Fans of British jazz minimalists Mammal Hands, you can sit this introduction out – chances are you already know enough about Sunda Arc to just skip to the next paragraph. As for everyone else, here’s the scoop: 2/3rds of the aforementioned Mammal Hands, namely brothers Nick (piano) and Jordan Smart (saxophone), branched off their main band for a project dedicated to their love of electronic music – the similarly aforementioned Sunda Arc. Drawing from their usual palette of minimalist classical music, jazz, and post-rock dynamics while filtering it through a more dance-music oriented perspective, the results aren’t drastically, but still noticeably different from what they’re usually known for.
Night Lands is the duo’s sophomore full-length release, and it was conceived – say it with me – during the time of pandemic-related lockdowns (I know exactly what you’re thinking: ‘Yay, another Covid record! Jerry, scratch it off the bingo card!’) as the brothers were feeling the same mental impact as everyone else, only with an operating creative outlet to channel their thoughts and feelings into:
‘We were talking about dystopian themes a fair bit when we were writing the tunes and I think being in London during the lockdown definitely had an impact on our mindset at the time. […] We definitely didn’t feel like making a celebratory or joyful record at that point, it was much more of an introspective and moody set of tracks we were focusing on and I guess the feeling of missing being able to go out or see friends and family played a part in this.’
Analogue synthesizers, home-made software patches, piano, saxophones and bass clarinet; even the tip of the iceberg of tools and instrumentation used to construct Night Lands is enough to make a music fan’s mouth water. Merging the digital with the analogue at will (even going so far as to treat their own previous recordings like samples), Sunda Arc achieved a balanced, nuanced sound that doesn’t yield to only one stylistic or temporal category.
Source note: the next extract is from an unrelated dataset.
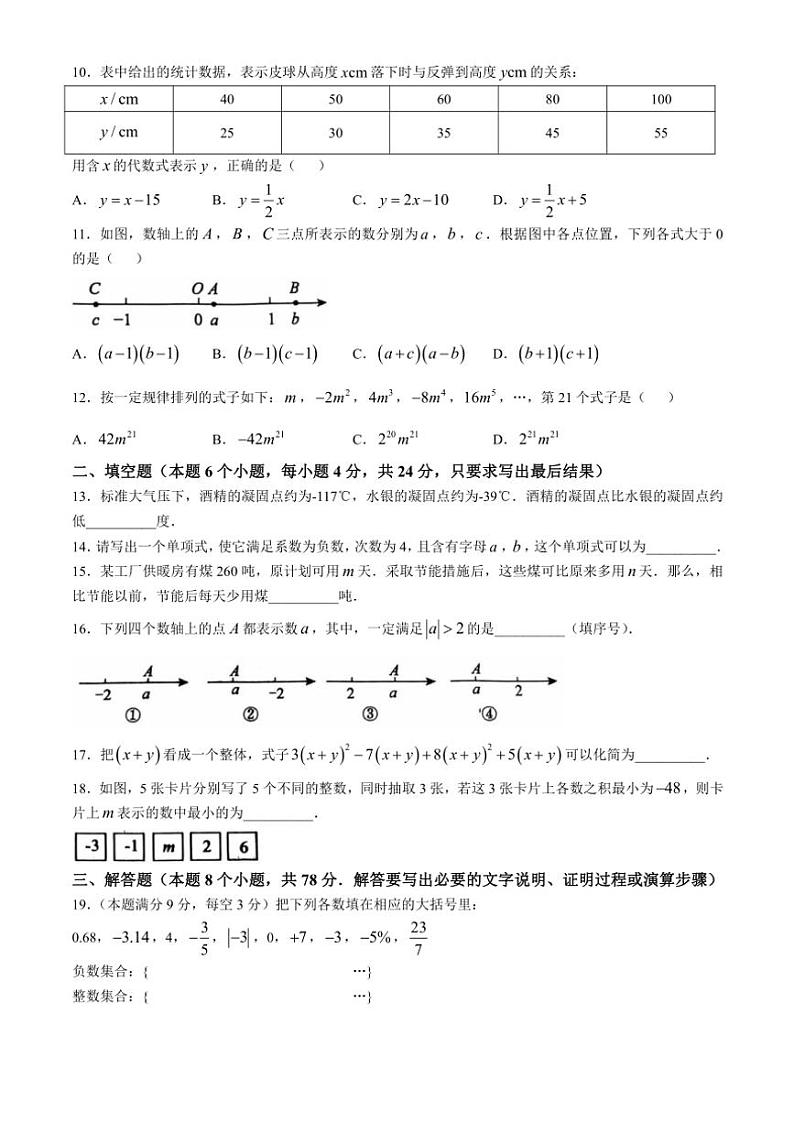 山东省聊城市东阿县2024～2025学年七年级上学期期中考试数学试题（含答案）02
The haunting presence of the saxophone in the intro of album opener “Distant Siren” makes this timeless, dissociative effect abundantly clear; it sounds like an echo from a time we may or may not have lived ourselves, reaching our ears from beyond the harsh divide of time and space. After digesting that initial moment of confusion, though, “Distant Siren” comes across as a more beat-heavy, electronic version of a Mammal Hands track.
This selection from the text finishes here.